Firstly, I am not an expert in using multi-level modelling (MLM), and I have read this and this questions, however, my question is slightly different in the sense that method 2 below is not mentioned.
Since multi-level modelling is rather complex, I want to justify the need for it in the first place. In that regard, I know of two methods:
1) Assessing whether there is enough and significant variation across items (aka. contexts):
This method is mentioned in the book Discovering Statistics Using R, section 19.6.6. It implies comparing a baseline intercept-only generalized least squares fit by maximum likelihood to another linear mixed-effects model fit by maximum likelihood where intercepts are allowed to vary across items. If the fit significantly improves, this warrants using MLM.
My example of the two models where R
is the response/outcome variable:
M1 = nlme::gls(R ~ 1, data = univariate_data, method = "ML")
M2 = nlme::lme(R ~ 1, data = univariate_data, method = "ML", random = ~1|item_id)
The ANOVA comparison:
## Model df AIC BIC logLik Test L.Ratio p-value
## M1 1 2 9181.778 9191.491 -4588.889
## M2 2 3 9170.908 9185.477 -4582.454 1 vs 2 12.87025 3e-04
From the tests, we see that after addressing the variability in our items/contexts, there is a significant improvement in the log-likelihood by 12.87 at the expense of 1 degree of freedom, so: $\chi^2(1) = 12.87, p = .0003$. This necessitates using MLM.
2) Comparing Unconditional LME Models:
I read this online but I don't recall where.

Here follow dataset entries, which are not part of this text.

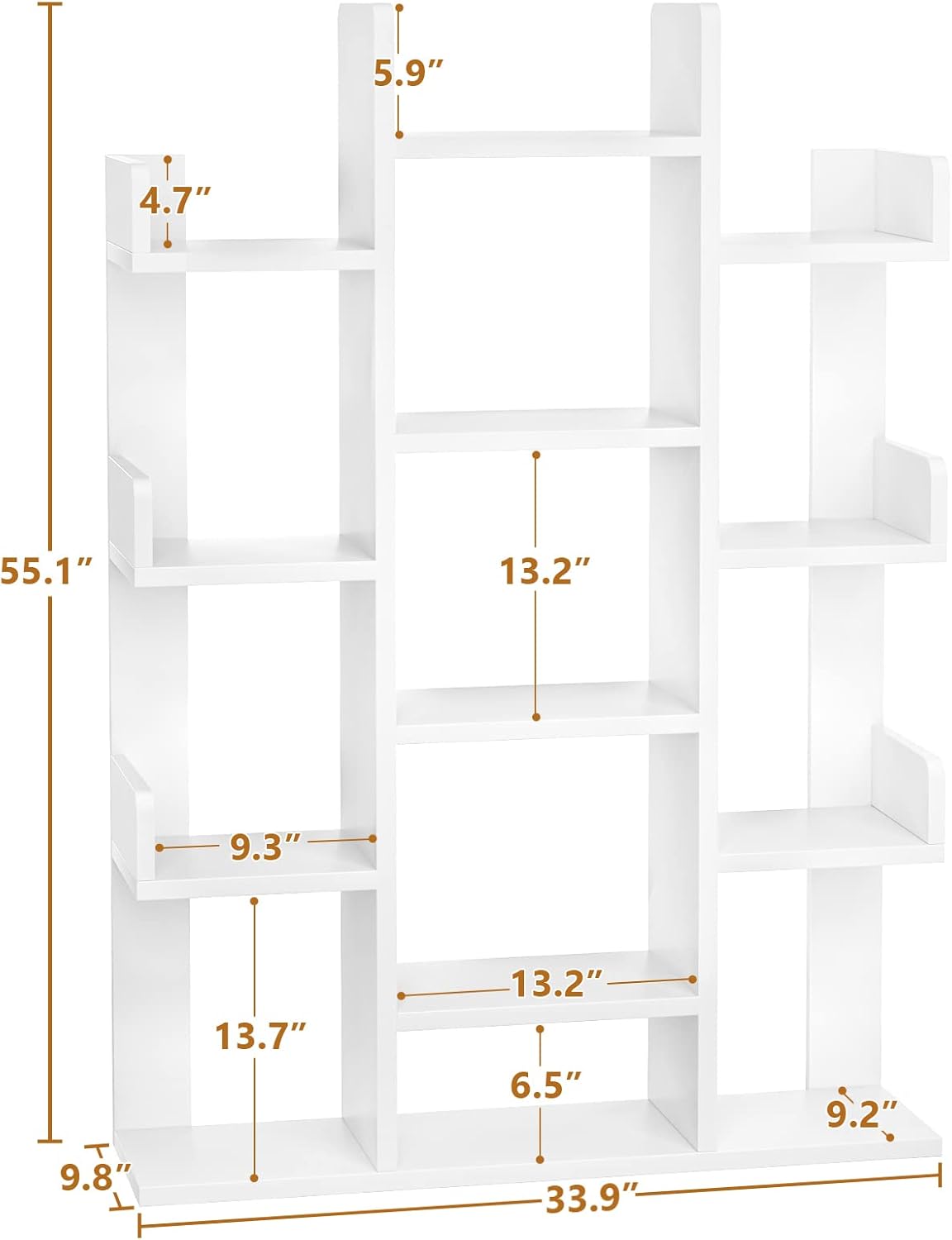 Aheaplus Bookshelf, Tree-Shaped Bookcase Storage Shelf with 13 compartments, Books Organizer Display Cube Shelves, Industrial Free Floor Standing Wood Open Bookshelves for Home, White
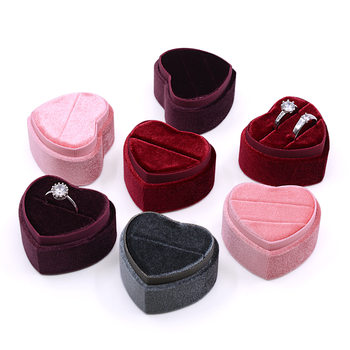 Love flannel ring box proposal box ring box diamond ring box jewelry box heart-shaped wedding jewelry box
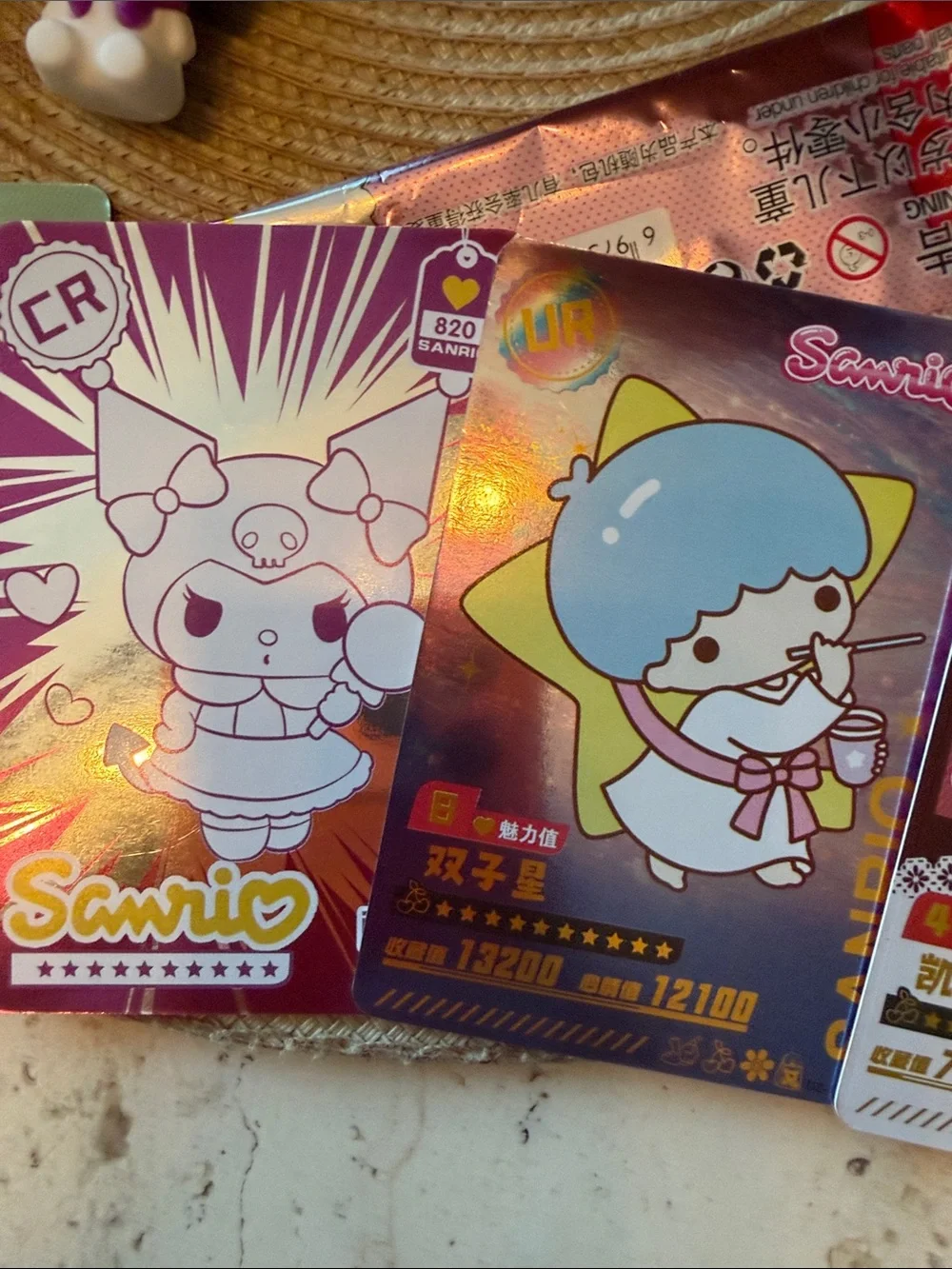 Sanrio Kuromi Trading Card 5 Pack Opened & Kuromi Doll Pendant opened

The two unconditional LME models are compared to each other, and if allowing the intercepts to vary across items (contexts) does significantly improve the fit, then using MLM is asserted.
My example of the two models where R
is the response/outcome variable:
MN1 = lmer(R ~ 1 + (1 | subject_id), data = univariate_data, REML = FALSE,
control = lmerControl(optimizer ='optimx', optCtrl=list(method='nlminb')))
MN2 = lmer(R ~ 1 + (1 | subject_id) + (1 | item_id), data = univariate_data, REML = FALSE,
control = lmerControl(optimizer ='optimx', optCtrl=list(method='nlminb')))
The ANOVA comparison:
## npar AIC BIC logLik deviance Chisq Df Pr(>Chisq)
## MN1 3 7096.9 7110.7 -3545.5 7090.9
## MN2 4 7096.7 7115.1 -3544.4 7088.7 2.1966 1 0.1383
The fit, as you see, is not significantly different between the two LME models.
My conundrum arises from having inconsistent results: method 1 justified MLM but method 2 doesn't. How can we interpret this discrepancy? and what method is more robust in order to study the feasibility of MLM?
Note: in a previous question I came to know that visual inspection alone is a weak approach for studying the feasibility of MLM.